The asterisk specifies that all the class names are to be imported. Importing just the class names that your source code uses makes compilation more efficient, but when you are using a lot of classes from a package you may find it more convenient to import all the names. This saves typing reams of import statements for one thing. We will do this with examples of Java code in the book to keep the number of lines to a minimum. However, there are risks associated with importing all the names in a package. There may be classes with names that are identical to names you have given to your own classes, which would obviously create some confusion when you compile your code.

As I indicated earlier, the standard classes do not appear as files or directories on your hard disk. They are packaged up in a single compressed file, rt.jar, that is stored in the jre/lib directory. This directory is created when you install the JDK on your computer. A .jar file is a Java archive - a compressed archive of Java classes. The standard classes that your executable program requires are loaded automatically from rt.jar, so you don’t have to be concerned with it directly at all.

Java Program Structure

Let’s summarize how a Java program is structured:

[1] A Java program always consists of one or more classes.

[2] You typically put the program code for each class in a separate file, and you must give each file the same name as that of the class that is defined within it.

[3] A Java source file name must have the extension .java. Thus your file containing the class Hat will be called Hat.java and your file containing the class BaseballPlayer must have the file name BaseballPlayer.java.

This program clearly majors on apparel, with four of the five classes representing clothing. Each source file contains a class definition, and all of the files that go to make up the program are stored in the same directory. The source files for your program contain all the code that you wrote, but this is not everything that is ultimately included in the program. There is also code from the Java standard class library, so let’s take a peek at what that can do.

Advantages of Using Objects

As I said at the outset, object-oriented programs are written using objects that are specific to the problem being solved. Your pinball machine simulator may well define and use objects of type Table, Ball, Flipper, and Bumper. This has tremendous advantages, not only in terms of easing the development process and making the program code easier to understand, but also in any future expansion of such a program. Java provides a whole range of standard classes to help you in the development of your program, and you can develop your own generic classes to provide a basis for developing programs that are of particular interest to you.

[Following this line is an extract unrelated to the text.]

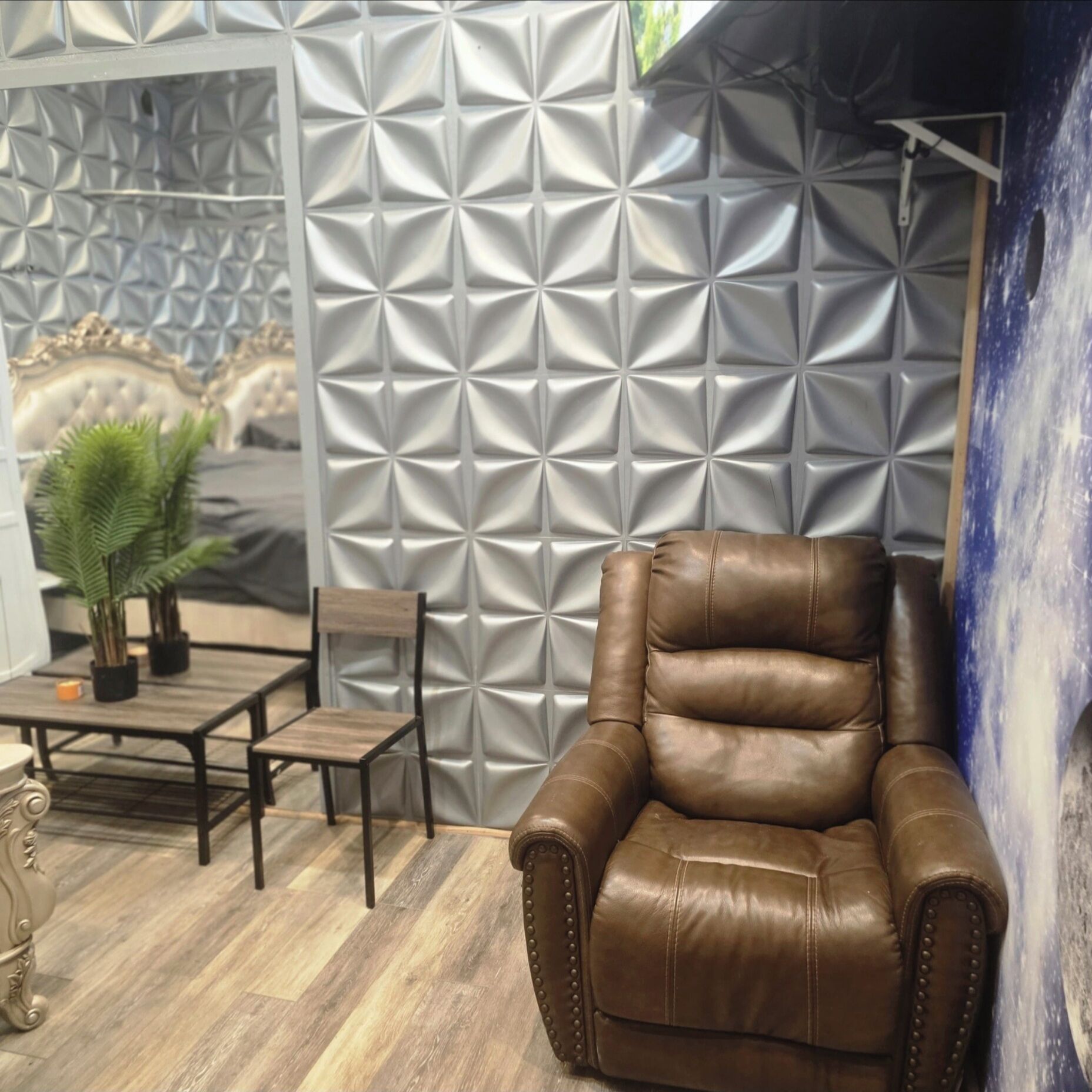 Un fauteuil en cuir marron dans une pièce dont le mur est orné d’un motif géométrique et qui contient un lit avec une tête de lit capitonnée.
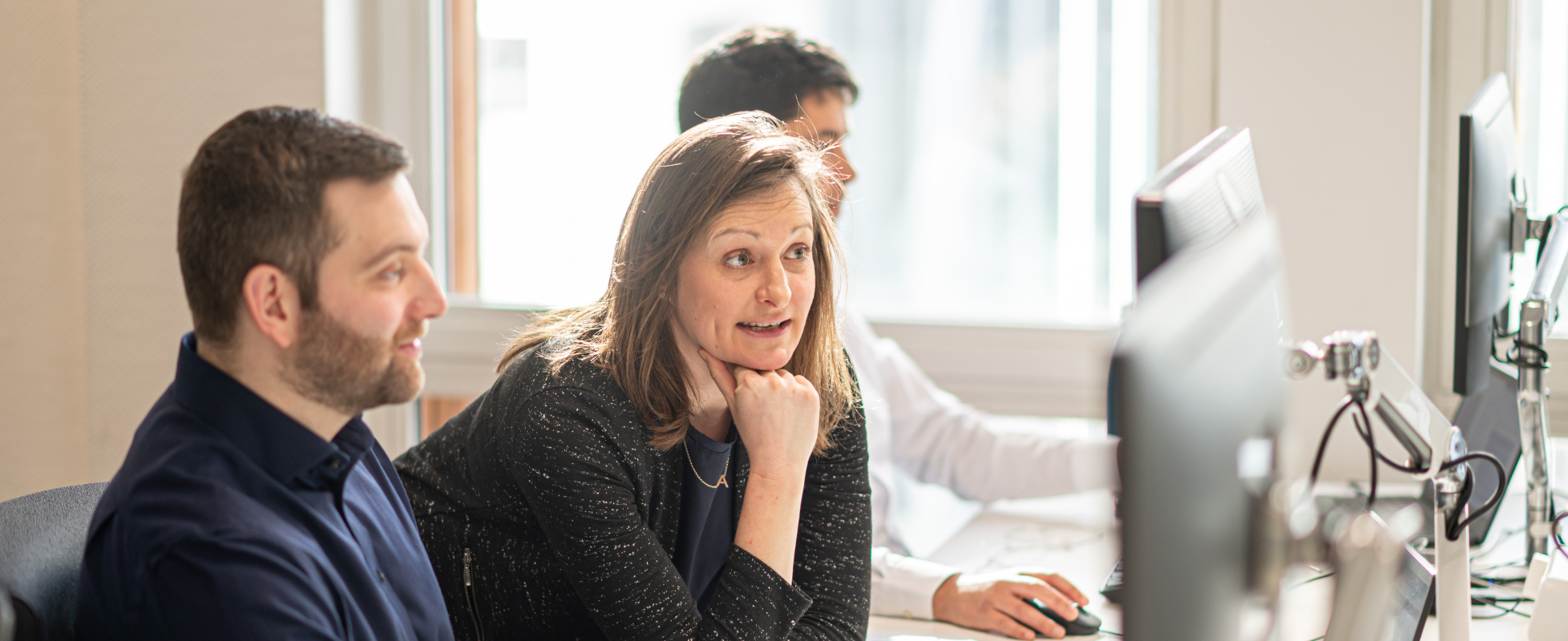 People looking at a computer screen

Because an object includes the methods that can operate on it as well as the data that defines it, programming using objects is much less prone to error. Your object-oriented Java programs should be more robust than the equivalent in a procedural programming language. Object-oriented programs take a little longer to design than programs that do not use objects since you must take care in the design of the classes that you will need, but the time required to write and test the code is sometimes substantially less than that for procedural programs. Object-oriented programs are also much easier to maintain and extend.